11 Temmuz 2011 Pazartesi

Gündem Yönetmek


Televizyon seyretmemek ile övünen insan sayısı giderek artmakta. Televizyonun aptal kutusu olduğu kanısı daha geniş kitleler ile taban buldukça, kitleler gündemlerini aptal kutusu televizyona muadil araçlar yardımıyla belirlemekteler. Aptal kutusu olan sadece televizyon mu? Şu an bu kelimeleri okumanıza vesile olan bu aygıt, bu ağ bahsolunan aptal kutusundan çok mu uzaklarda bir yerlerde? Bizleri televizyon ile aptal yerine koyanlar alternatif medya kanalları ile bizleri adam yerine koymakta mı?

İnsan yönetmek, zihin yönetmektir. Milyonlarca insanın yaşadığı toplumlarda olayların tamamını yönetmek mümkün değildir. Burada iktidarın ve iktidar paydaşlarının bulduğu çözüm algılarımızı yönetmektir. Algı yönetiminde başarılı olanlar için olanların önemi yoktur. Onlar, olayları algılayış tarzımızı yönetirler. Böylelikle bir şeyin olması ya da olmaması onlar için argümandır. Önemli olan bu verinin nasıl işleneceği ve zihnimizde nasıl bir yer alacağıdır.

İşte bu yüzden sadece televizyonu değil, gazeteleri de düzenli takip etmemek ile övünen biriyim. Köşe yazarlarının kısır polemiklerinin bana katacağı şeyin, kendimi bu sulardan uzakta bir yerde konumladığımda farklı kaynaklar ile beslenirken kazanacağımdan az olmadığı kanaatindeyim. Ve hatta, düzenli olarak bir ya da birkaç gazeteyi, haber sitesini takip eden insanların bakış açılarının darlaştığını, kısırlaştığını, solgun ve esneklikten fazlasıyla uzaklaştığını hissediyorum.
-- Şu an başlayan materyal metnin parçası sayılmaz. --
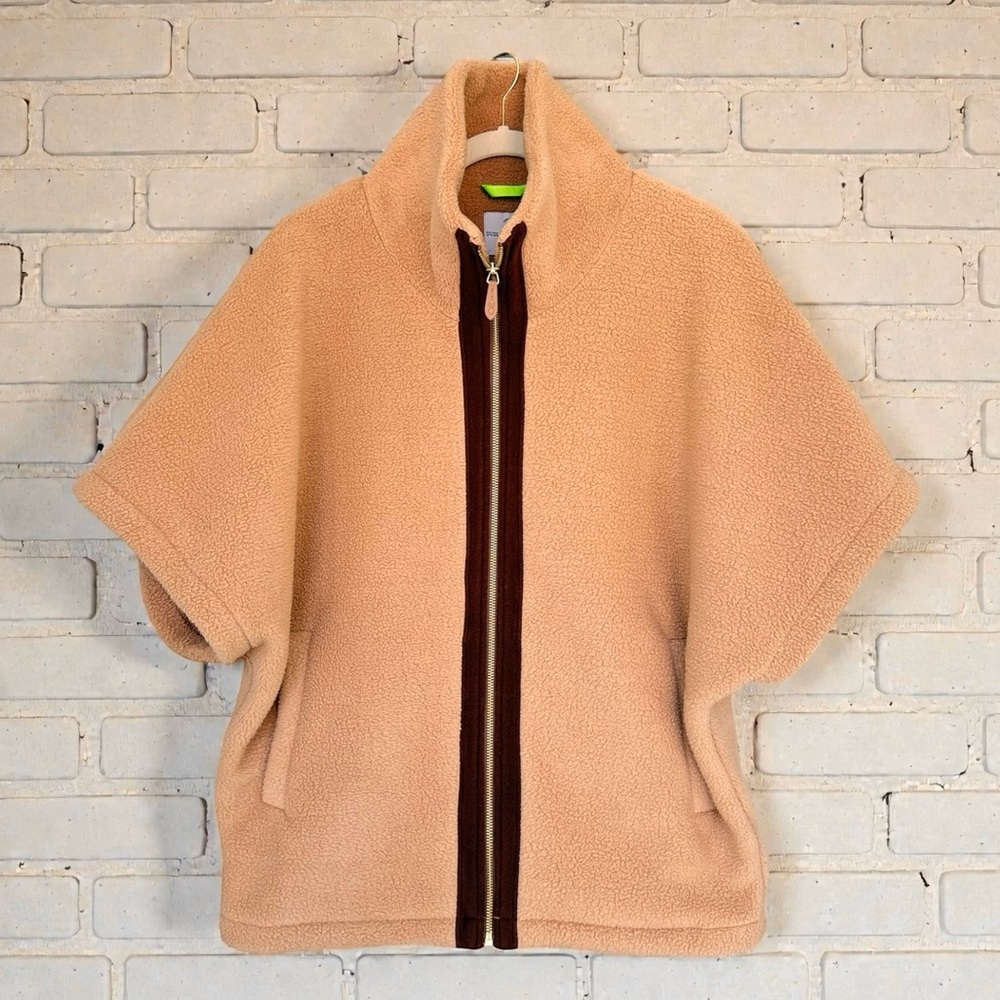 0627 Dudley Stephens Arlington Poncho Camel Sherpa Fleece XS Small NWT - Picture 5 of 6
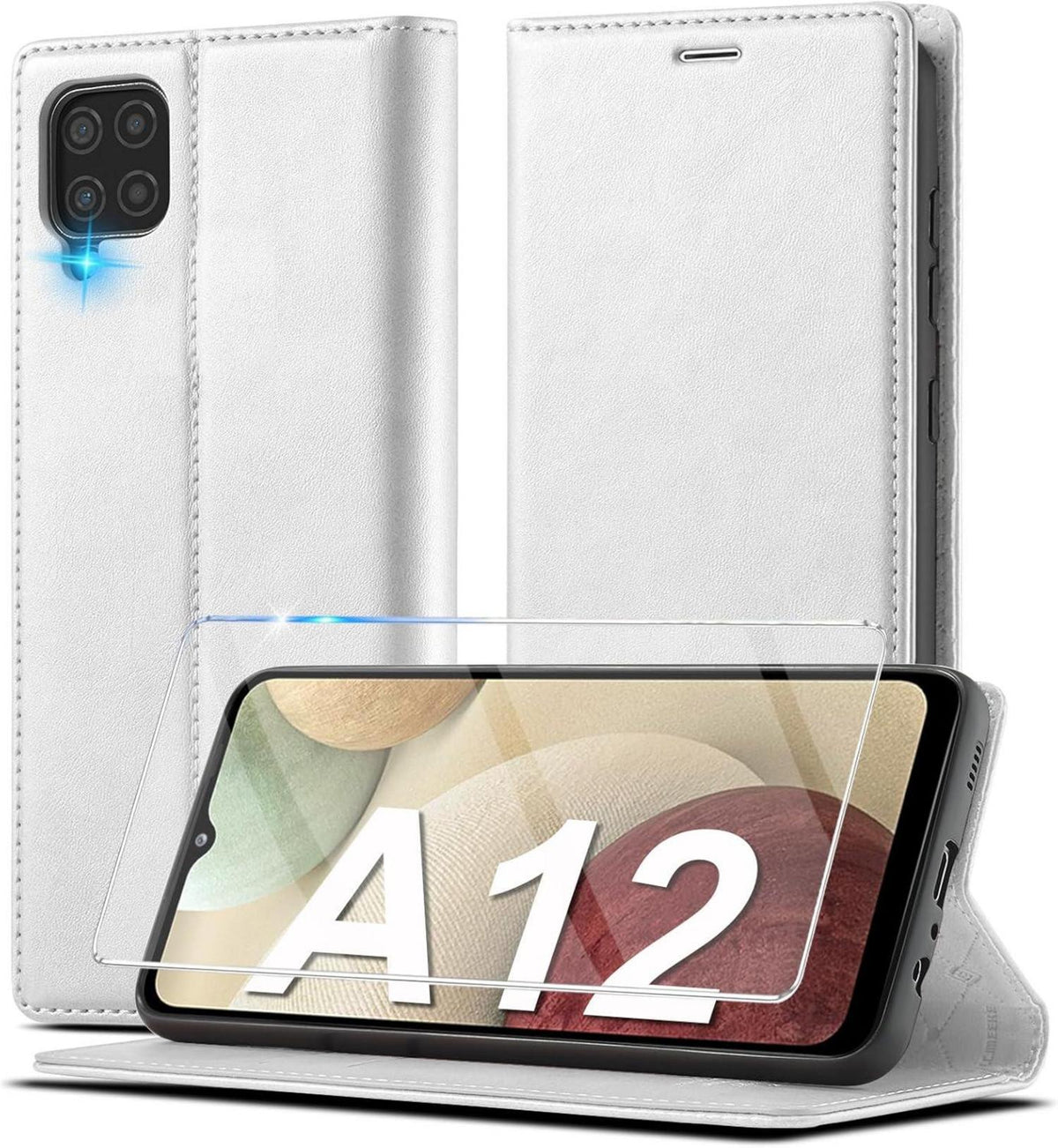 Handyhülle Samsung Galaxy A12 M12 Leder Schutzhülle Klappbar Stoßfest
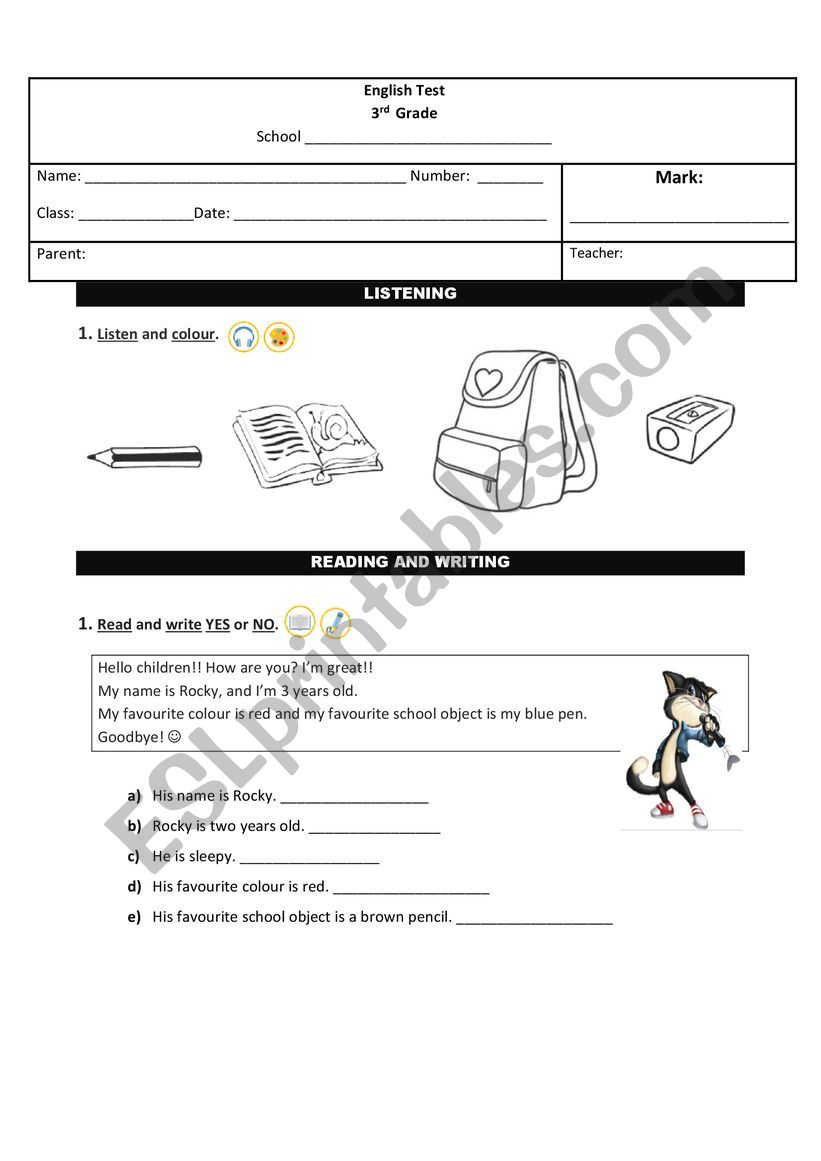 Test for young learners. worksheet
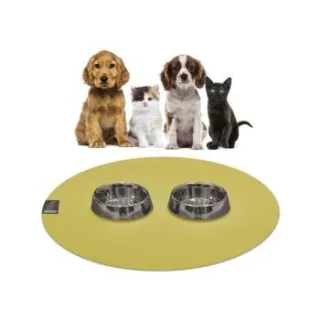 SANOZOO ® - runde Napfunterlage - Öko-Tex und Made in Germany gelbgrün 60 cm, 60 cm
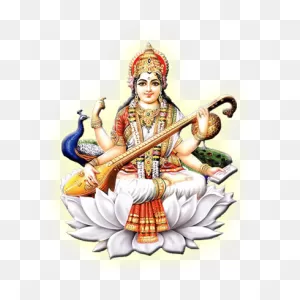 Saraswati Yellow Background Transparent Png - Stickpng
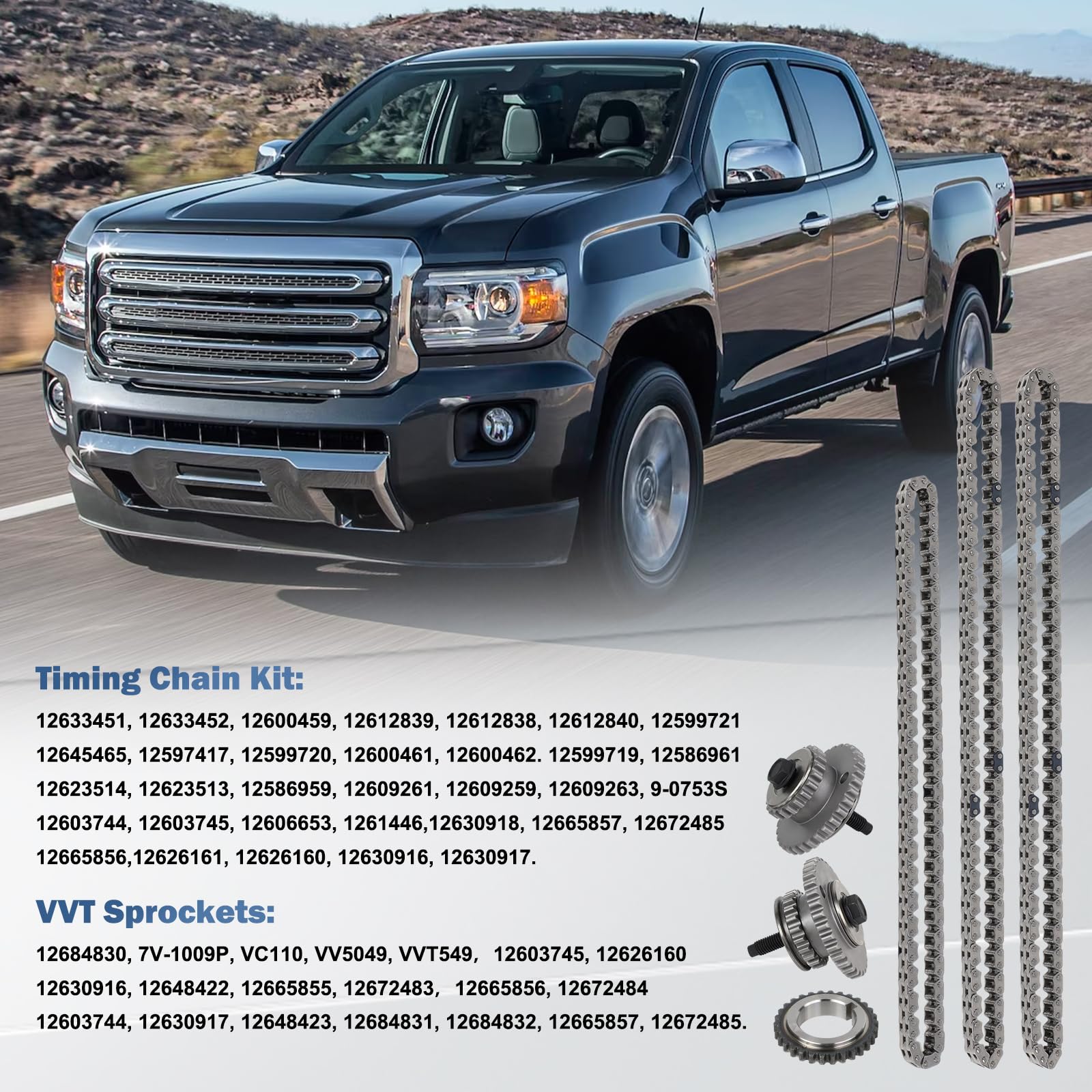 High-Quality Engine Timing Chain Kit 12633451 with 4pcs VVT Sprockets 12684830, Tensioner, Guide Rail & Sprocket - Compatible with Chevy Traverse, Acadia, Equinox, Malibu, Allure, Enclave, LaCrosse, CTS, SRX, STS 2.8L/3.0L/3.6L (12633452, 12600459) - Perfect for Engine Repair & Maintenance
Takım tutar gibi toplumun bir alt kültürüne ait olup kendini o alt kültürün değerleri ile tanımlamaya itirazları olmayanlar dışındakilerin bu anlattıklarımdan sıklıkla rahatsız olacağı aşikar. Birey olabilme mücadelesindeki insanların gündemlerini salt dış etkiler ile belirlemeye karşı durmaları gerektiğini düşünüyorum.

Yakın bir örnek ile, Akp ve Chp arasındaki "yemin krizi" olarak tanımlanan sürecin aklıbali Türkiye Cumhuriyeti vatandaşları için izlenesi bir süreç olabileceğini sanmıyordum. ayrıca Bdp'nin süreçteki boykotunu yok hükmünde kabul eden medya üzerinden bu süreci takip etmenin bireye katkısı olmayacağından emindim. Etrafımda izanına değer verdiğim insanların bu hususu itina ile takip etmelerini anlamıyordum. Bu iki politika fakiri kutup kendi aralarında bir çözüm bulacaklar, bu çözüm ile taraflarını belki biraz değiştirseler de derin krizlerden kaçınaran bu oyunu oynayacaklardı. Sürecin böyle devam edeceğine dair doneler her yerde dolaşmakta.

Zihin kapasitesi sınırlı insanın içinde yaşadığı toplum ile bağları sebebiyle gündemden tamamen izole yaşamaması gerektiğini kabul ediyorum. ancak toplumun gündeminin derinliği, gerçekliği ve toplumun gerçek gündemi ile olması gereken gündem arasındaki devasa farklılılara rağmen, sadece kendisine otoritelerin medya kanalıyla sunduğu gündeme sıkışması yine o otoritelerin istediği bir durum olsa gerek. bu da bizi içinde bulunduğumuz derin çözümsüzlüklerden öte bir yere götürmemekte.

haddinden büyük ve klişe bir söylem olacaksa da gündem belirleyen oldukça o gündemi belirleyenlerin yönetimine tabi olmak şaşırtıcı olmasa gerek. toplumu, dünyayı güzelleştirmek iddiasındaki oluşumların, bırakalım bütün dünyayı, şu kıytırık ülkede dahi gündem tayin etmekten fersah fersah uzakta olmaları acizlerine işaret olmalı.

Zihinlerinizi gündemin kısırlığından, boğuculuğundan uzaklara; kendi belirleyeceğiniz sorunlara ve hatta güzelliklere taşıyabilmeniz umuduyla efendim.